The team has a research plan for the next 6 sprints, involving 8 users pers sprint, 4 SMEs and 4 agents. The team hopes to include 3 AD users among the 8, although the team was concerned that they might struggle to find participants. Six of the 17 contact centre-acquired AD users are also available for future research (although they are likely to skew the sample towards the “call-center only” solution for AD).
Overall, the plan seemed viable and comprehensive and contained a strong element of research conducted in the user’s environment which is a commendable strength. However the panel was somewhat concerned that the AD element in the sample seemed to be viewed a nice-to-have rather than essential. And the lack of any lab-based research means that the beneficial effect of this on team understanding will be missing from forthcoming work (streamed research is a less effective alternative).
Put in place a sustainable multidisciplinary team that can design, build and operate the service, led by a suitably skilled and senior service manager with decision-making responsibility.
The team is working in an agile way, and most disciplines are well represented. The panel was pleased to see that the number of dedicated user researchers has increased. The front-end developer is still acting as a designer instead of this being a separate role, but the panel was pleased to see that the team have been working with a senior designer at HMRC to validate design decisions. The team has also begun to observe (remotely) user research sessions and are shortly to run some lab-based sessions that the team will be able to observe.
Create a service that is simple and intuitive enough that users succeed first time.
The team has tested the service with AD users and found that they were able to complete it, though not without some difficulty. The interaction design of the service is good and the appropriate design patterns have been used. To ensure that the quality of the design is maintained the team should continue to consult regularly with a designer.

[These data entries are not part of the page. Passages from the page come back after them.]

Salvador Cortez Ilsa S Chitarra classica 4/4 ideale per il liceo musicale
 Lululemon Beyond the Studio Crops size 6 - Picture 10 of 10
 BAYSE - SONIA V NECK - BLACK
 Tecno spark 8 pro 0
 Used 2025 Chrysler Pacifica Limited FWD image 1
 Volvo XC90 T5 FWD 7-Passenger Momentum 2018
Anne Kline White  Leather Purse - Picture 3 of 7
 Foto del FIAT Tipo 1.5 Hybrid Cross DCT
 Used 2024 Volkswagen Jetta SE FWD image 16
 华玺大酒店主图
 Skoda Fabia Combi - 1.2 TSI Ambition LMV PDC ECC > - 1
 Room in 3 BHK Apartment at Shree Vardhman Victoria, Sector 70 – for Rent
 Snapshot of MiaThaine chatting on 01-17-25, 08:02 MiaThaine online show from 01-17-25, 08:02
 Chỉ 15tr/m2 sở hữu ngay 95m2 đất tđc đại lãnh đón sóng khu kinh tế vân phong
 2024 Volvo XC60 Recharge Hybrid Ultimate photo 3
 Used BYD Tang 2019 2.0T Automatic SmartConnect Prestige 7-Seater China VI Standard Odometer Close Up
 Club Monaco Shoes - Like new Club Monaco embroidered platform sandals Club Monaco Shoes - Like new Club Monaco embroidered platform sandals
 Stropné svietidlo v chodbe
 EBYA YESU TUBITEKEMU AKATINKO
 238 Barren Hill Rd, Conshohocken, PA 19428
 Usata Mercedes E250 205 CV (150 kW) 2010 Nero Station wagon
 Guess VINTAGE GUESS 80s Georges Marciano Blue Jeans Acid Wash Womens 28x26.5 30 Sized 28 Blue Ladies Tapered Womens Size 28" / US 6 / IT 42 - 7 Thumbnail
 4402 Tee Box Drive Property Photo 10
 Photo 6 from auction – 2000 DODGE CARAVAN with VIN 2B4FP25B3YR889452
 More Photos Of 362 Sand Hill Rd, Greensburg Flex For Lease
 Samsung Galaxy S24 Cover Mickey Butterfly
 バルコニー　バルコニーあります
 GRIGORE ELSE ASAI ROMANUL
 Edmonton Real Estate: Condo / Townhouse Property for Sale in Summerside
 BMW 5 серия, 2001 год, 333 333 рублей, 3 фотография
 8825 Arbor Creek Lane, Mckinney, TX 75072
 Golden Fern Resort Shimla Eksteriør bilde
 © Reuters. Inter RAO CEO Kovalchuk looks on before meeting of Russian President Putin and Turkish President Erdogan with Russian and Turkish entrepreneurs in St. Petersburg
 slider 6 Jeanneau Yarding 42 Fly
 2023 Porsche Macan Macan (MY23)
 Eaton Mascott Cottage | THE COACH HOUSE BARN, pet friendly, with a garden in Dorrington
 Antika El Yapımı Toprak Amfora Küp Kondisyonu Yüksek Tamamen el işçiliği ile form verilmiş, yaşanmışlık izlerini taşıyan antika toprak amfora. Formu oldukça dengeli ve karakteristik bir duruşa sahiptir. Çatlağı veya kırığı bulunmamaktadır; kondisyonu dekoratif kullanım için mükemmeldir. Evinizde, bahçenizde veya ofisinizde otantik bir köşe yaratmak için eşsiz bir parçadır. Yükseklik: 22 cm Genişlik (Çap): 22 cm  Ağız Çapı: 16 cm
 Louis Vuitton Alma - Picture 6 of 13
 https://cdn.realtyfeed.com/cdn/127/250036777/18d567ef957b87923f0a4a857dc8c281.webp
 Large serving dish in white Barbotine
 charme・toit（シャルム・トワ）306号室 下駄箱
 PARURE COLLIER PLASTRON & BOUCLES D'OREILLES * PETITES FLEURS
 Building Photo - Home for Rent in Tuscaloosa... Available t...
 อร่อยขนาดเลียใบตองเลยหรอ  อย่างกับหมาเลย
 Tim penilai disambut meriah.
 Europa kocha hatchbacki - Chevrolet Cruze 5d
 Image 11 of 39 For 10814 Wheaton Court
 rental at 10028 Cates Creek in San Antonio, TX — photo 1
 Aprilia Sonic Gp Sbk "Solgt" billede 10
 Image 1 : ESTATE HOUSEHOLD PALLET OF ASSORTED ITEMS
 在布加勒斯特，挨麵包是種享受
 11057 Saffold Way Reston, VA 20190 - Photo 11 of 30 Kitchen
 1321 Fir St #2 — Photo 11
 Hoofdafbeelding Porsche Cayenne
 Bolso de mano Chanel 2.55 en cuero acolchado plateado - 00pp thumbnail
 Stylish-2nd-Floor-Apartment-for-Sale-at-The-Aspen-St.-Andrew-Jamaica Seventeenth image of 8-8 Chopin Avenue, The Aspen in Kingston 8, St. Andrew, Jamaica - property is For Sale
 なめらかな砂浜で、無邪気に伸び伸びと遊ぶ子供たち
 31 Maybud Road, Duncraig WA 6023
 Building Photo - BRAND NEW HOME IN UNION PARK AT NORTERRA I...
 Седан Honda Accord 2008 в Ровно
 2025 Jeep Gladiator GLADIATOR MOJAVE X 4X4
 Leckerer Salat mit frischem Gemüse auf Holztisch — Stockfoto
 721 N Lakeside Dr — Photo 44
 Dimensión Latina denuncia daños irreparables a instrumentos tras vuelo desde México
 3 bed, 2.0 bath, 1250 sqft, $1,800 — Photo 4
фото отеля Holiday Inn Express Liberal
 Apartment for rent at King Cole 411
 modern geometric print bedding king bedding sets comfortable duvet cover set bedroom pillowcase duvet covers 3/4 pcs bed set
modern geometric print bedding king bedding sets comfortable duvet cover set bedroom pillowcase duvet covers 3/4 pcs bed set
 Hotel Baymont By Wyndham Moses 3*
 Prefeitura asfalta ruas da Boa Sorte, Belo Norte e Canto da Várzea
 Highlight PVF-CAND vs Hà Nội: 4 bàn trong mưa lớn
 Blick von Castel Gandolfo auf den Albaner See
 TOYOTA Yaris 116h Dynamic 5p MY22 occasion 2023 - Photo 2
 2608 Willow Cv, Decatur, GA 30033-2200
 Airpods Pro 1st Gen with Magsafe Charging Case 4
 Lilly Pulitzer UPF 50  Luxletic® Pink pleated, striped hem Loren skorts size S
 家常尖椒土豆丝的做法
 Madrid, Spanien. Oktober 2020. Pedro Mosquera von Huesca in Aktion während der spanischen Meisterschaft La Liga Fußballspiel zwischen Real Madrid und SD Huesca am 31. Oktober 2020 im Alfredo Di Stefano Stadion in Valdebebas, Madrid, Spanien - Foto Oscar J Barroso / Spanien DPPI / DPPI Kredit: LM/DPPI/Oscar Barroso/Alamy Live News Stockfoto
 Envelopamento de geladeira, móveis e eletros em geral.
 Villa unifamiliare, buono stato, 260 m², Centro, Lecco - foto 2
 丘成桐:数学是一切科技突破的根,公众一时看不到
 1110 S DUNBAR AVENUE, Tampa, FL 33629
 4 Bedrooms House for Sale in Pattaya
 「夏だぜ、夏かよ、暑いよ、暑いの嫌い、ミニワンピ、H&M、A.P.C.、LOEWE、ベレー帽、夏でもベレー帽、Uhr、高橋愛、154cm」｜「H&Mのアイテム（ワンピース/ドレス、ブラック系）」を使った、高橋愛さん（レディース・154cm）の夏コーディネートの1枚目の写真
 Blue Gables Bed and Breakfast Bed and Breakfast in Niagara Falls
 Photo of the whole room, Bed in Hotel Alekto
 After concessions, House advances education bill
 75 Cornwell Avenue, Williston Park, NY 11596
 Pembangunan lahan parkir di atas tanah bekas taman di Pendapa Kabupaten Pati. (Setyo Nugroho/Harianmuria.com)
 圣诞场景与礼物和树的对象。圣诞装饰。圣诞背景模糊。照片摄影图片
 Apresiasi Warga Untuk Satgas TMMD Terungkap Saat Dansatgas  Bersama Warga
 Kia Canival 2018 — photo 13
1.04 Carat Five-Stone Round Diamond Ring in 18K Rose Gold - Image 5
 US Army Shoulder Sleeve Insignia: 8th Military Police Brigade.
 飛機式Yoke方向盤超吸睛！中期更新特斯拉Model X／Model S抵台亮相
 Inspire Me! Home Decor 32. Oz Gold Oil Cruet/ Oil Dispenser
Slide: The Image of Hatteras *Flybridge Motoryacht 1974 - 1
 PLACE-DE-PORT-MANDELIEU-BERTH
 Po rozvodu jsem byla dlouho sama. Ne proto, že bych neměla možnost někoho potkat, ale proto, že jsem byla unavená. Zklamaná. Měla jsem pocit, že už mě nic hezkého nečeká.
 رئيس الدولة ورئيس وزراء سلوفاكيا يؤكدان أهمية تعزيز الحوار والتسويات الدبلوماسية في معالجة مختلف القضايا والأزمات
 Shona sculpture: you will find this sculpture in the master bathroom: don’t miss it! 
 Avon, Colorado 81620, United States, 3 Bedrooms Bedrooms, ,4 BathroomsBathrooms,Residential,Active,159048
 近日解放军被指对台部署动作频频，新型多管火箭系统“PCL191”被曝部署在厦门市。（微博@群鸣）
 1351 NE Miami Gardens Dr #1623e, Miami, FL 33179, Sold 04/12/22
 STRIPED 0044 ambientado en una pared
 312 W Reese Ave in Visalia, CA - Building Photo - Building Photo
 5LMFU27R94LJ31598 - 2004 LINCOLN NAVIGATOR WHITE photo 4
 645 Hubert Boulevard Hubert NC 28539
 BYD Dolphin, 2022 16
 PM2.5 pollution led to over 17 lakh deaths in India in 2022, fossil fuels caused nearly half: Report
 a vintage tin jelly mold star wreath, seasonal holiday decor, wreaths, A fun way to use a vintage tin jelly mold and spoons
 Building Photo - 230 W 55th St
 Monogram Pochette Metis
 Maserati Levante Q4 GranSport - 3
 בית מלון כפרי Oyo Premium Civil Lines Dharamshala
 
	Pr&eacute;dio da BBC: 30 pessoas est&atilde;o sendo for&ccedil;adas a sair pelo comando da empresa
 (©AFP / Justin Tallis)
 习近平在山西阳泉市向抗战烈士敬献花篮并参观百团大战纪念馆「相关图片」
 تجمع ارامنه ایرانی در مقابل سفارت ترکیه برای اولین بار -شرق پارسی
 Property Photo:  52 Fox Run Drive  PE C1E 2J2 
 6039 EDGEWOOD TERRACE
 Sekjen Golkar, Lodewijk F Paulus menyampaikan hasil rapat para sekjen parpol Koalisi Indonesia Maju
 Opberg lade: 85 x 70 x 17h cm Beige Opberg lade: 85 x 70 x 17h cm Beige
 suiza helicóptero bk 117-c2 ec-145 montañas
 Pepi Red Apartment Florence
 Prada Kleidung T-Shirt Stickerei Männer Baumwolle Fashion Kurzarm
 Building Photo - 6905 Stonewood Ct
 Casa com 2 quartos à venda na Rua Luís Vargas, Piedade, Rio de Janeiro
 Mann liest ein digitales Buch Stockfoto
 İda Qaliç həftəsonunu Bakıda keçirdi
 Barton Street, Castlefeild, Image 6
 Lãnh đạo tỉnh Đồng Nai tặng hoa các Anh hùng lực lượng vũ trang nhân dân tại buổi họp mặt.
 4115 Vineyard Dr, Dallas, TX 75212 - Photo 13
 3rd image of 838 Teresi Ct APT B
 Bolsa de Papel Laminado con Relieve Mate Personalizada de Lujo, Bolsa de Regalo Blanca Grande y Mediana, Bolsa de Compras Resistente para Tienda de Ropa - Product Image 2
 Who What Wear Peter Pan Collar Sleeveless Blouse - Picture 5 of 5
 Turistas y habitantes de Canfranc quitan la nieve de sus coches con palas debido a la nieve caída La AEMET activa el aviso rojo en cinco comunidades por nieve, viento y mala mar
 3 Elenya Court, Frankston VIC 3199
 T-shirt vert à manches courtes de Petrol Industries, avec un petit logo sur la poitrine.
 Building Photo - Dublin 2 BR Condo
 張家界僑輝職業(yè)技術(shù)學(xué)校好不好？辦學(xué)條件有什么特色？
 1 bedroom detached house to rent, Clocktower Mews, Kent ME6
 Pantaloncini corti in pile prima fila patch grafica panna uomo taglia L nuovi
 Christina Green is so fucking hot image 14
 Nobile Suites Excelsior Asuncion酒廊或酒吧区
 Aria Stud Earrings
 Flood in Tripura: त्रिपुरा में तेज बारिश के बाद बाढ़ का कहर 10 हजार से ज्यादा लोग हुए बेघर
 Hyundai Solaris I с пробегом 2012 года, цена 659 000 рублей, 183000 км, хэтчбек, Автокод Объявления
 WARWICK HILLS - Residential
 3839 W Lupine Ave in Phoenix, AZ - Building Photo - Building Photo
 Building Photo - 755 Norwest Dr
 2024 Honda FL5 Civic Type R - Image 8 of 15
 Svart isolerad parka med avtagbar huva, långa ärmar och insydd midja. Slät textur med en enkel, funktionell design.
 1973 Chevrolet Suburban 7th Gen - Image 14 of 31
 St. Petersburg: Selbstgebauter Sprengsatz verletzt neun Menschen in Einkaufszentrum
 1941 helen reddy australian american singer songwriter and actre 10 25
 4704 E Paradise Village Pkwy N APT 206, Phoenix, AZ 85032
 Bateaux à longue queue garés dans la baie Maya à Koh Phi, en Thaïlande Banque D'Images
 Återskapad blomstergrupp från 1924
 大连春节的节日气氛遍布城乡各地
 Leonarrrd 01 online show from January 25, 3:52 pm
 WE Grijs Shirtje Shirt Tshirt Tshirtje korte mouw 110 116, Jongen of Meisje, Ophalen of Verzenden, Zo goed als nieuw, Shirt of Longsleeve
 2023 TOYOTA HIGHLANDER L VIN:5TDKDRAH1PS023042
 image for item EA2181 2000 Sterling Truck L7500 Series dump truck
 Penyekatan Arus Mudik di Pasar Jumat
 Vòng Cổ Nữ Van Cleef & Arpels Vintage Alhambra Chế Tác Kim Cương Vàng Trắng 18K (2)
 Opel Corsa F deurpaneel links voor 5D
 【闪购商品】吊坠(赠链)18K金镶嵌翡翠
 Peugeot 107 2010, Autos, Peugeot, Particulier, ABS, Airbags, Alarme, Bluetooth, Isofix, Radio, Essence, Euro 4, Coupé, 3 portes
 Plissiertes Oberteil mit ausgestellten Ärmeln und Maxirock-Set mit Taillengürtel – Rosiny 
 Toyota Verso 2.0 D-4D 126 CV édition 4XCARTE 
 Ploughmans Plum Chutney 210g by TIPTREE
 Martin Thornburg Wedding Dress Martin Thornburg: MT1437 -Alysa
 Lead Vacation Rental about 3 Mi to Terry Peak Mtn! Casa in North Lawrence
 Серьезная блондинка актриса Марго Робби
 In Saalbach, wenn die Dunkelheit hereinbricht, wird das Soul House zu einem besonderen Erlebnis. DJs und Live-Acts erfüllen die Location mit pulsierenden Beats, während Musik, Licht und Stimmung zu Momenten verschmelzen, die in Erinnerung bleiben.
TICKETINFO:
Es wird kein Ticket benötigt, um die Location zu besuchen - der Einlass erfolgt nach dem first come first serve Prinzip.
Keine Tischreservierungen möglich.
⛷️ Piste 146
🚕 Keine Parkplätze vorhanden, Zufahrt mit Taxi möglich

Recommendations - 16 February 2016
The team must continue to test the current hypothesis (that face-to-face support is unnecessary) by regular ongoing recruitment of users with AD needs so that a larger body of solid evidence can be demonstrated on this point at the next assessment. The team may wish to consider a research sample of 30-40 as an adequate level of recruitment through this route.
The team should ensure that AD users are an integral part of the research sample in each sprint.
Ensure that some rounds of prototype research are conducted in a lab with observation facilities, so that the whole team can observe effectively and without distraction.
The team should continue to work with the HMRC design resource. Ensure the team are regularly observing user research and continue to work with the HMRC designer.
Continue the work to ensure the service includes support routes that address the needs of users who will not be able to complete the service independently.